── Data section ──

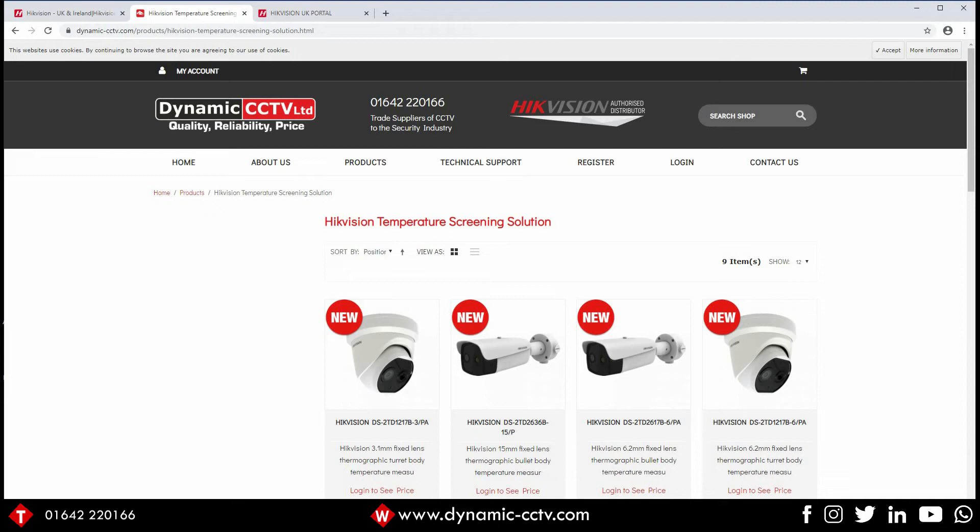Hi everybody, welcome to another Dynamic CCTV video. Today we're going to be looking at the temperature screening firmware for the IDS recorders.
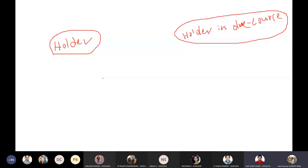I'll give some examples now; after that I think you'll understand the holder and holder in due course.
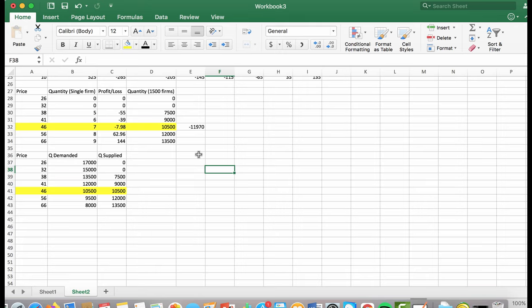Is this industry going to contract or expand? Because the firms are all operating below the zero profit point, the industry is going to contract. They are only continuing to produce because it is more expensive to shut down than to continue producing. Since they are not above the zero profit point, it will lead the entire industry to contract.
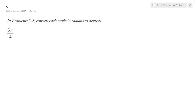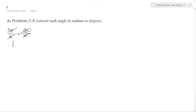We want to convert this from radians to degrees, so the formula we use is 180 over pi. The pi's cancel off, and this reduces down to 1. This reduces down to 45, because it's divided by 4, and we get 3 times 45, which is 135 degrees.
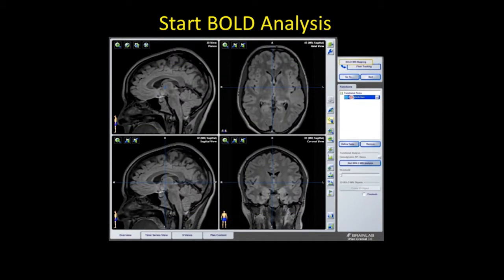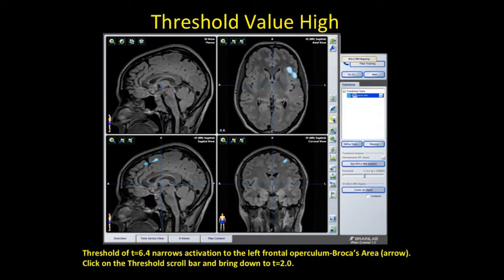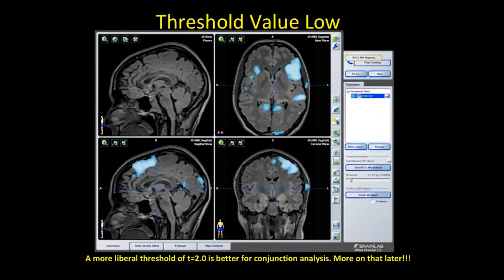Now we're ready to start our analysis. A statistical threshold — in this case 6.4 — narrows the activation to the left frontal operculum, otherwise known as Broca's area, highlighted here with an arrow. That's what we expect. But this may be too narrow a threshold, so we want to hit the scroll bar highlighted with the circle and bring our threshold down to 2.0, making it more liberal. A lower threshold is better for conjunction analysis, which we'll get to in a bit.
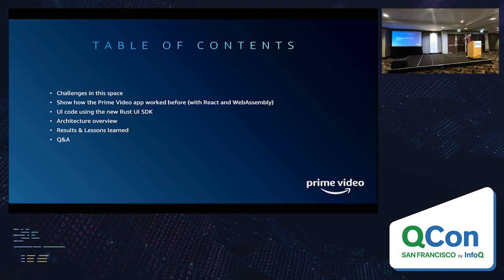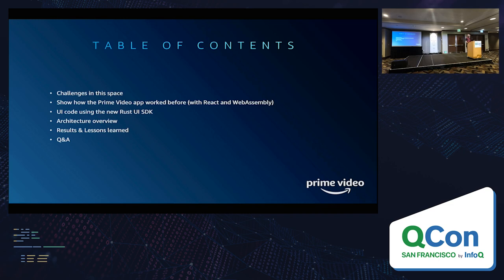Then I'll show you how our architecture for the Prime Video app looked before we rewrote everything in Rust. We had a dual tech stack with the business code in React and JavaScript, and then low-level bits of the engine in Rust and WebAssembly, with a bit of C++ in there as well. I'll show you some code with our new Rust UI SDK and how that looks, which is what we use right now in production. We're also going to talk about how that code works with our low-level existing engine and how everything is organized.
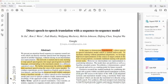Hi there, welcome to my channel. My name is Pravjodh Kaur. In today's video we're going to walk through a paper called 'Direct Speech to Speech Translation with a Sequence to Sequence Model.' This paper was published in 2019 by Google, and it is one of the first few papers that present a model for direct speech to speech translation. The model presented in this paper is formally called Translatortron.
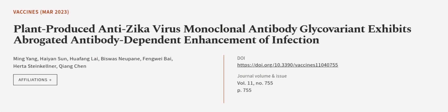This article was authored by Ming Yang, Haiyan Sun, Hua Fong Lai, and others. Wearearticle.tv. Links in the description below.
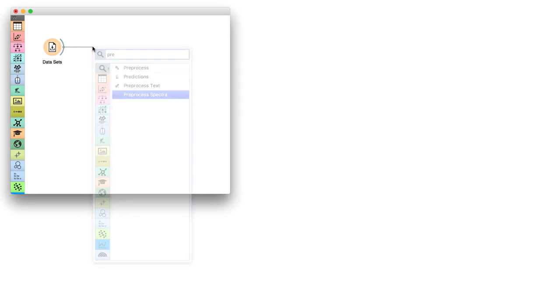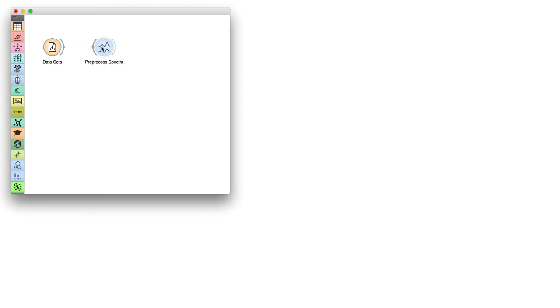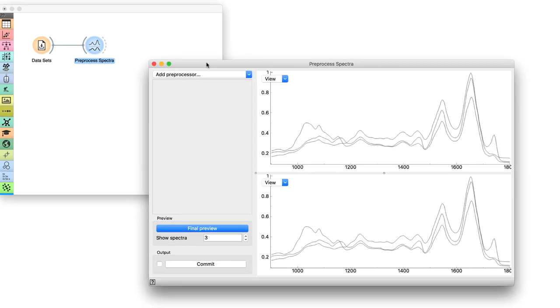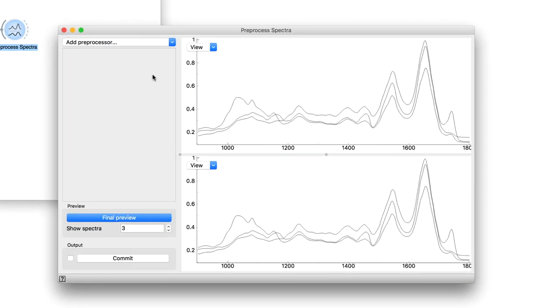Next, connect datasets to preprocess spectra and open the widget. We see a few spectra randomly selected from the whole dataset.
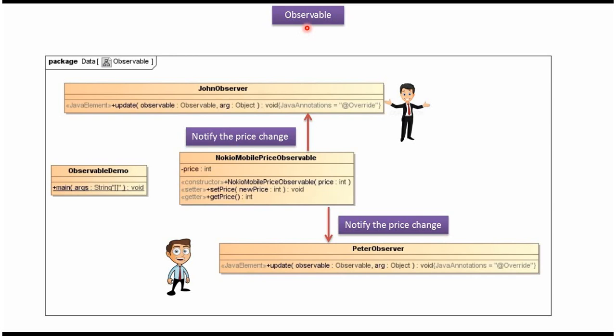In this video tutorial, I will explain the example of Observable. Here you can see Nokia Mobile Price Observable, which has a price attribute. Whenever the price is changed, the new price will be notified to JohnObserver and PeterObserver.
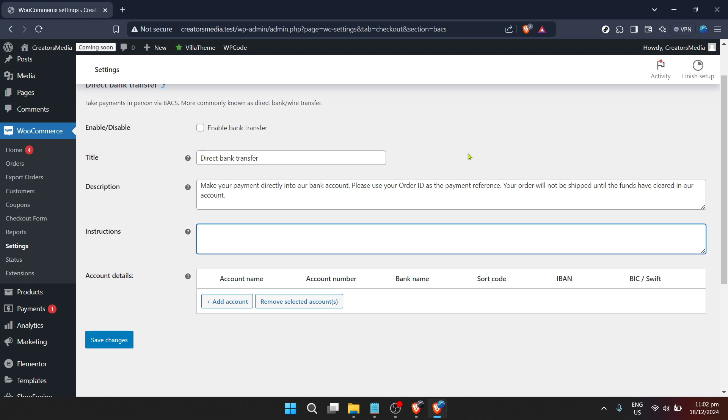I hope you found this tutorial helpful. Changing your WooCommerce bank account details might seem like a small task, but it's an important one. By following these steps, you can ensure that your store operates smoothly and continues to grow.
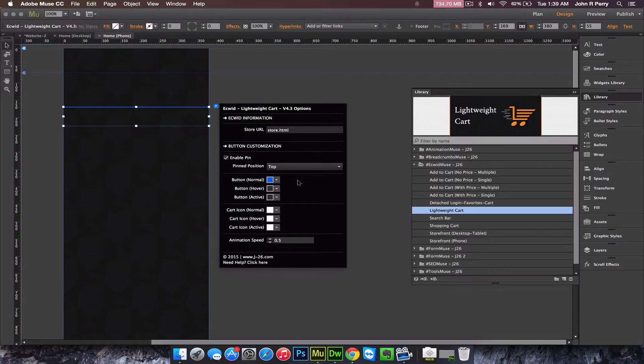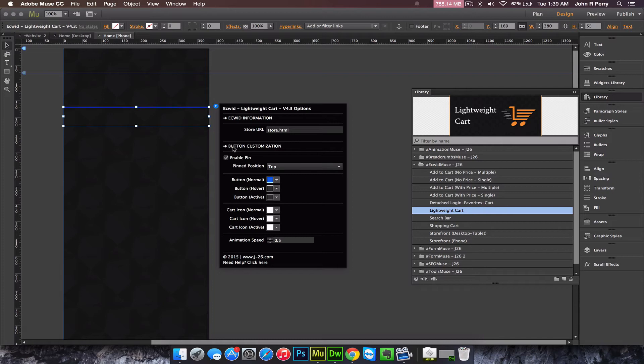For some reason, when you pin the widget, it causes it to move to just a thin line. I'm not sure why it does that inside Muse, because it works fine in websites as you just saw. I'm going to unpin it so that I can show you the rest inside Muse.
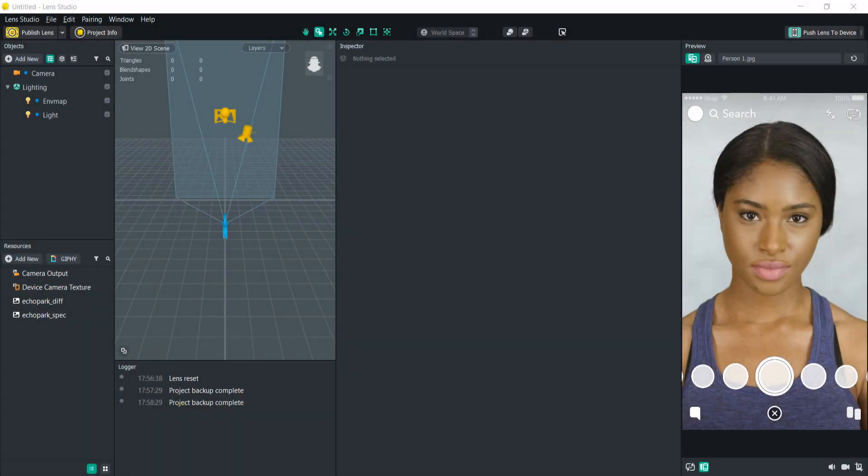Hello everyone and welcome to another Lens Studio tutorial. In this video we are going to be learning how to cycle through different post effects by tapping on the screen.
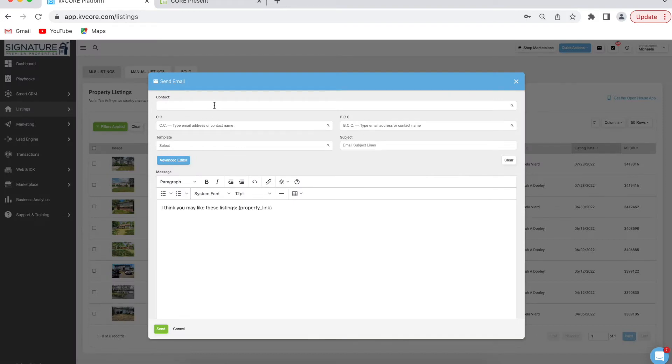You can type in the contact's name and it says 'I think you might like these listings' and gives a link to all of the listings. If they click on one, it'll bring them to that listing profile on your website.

───

• Task details: Make an exact copy of the lines above, beginning with the line with "We want to convert" and ending with the line with "In this video tutorial, I", and keep the pictures out of it.

• Response to this task:
We want to convert this from radians to degrees, so the formula we use is 180 over pi. The pi's cancel off, and this reduces down to 1. This reduces down to 45, because it's divided by 4, and we get 3 times 45, which is 135 degrees.
Now we're ready to start our analysis. A statistical threshold — in this case 6.4 — narrows the activation to the left frontal operculum, otherwise known as Broca's area, highlighted here with an arrow. That's what we expect. But this may be too narrow a threshold, so we want to hit the scroll bar highlighted with the circle and bring our threshold down to 2.0, making it more liberal. A lower threshold is better for conjunction analysis, which we'll get to in a bit.
Then I'll show you how our architecture for the Prime Video app looked before we rewrote everything in Rust. We had a dual tech stack with the business code in React and JavaScript, and then low-level bits of the engine in Rust and WebAssembly, with a bit of C++ in there as well. I'll show you some code with our new Rust UI SDK and how that looks, which is what we use right now in production. We're also going to talk about how that code works with our low-level existing engine and how everything is organized.
Hi there, welcome to my channel. My name is Pravjodh Kaur. In today's video we're going to walk through a paper called 'Direct Speech to Speech Translation with a Sequence to Sequence Model.' This paper was published in 2019 by Google, and it is one of the first few papers that present a model for direct speech to speech translation. The model presented in this paper is formally called Translatortron.
This article was authored by Ming Yang, Haiyan Sun, Hua Fong Lai, and others. Wearearticle.tv. Links in the description below.
Next, connect datasets to preprocess spectra and open the widget. We see a few spectra randomly selected from the whole dataset.
In this video tutorial, I will explain the example of Observable. Here you can see Nokia Mobile Price Observable, which has a price attribute. Whenever the price is changed, the new price will be notified to JohnObserver and PeterObserver.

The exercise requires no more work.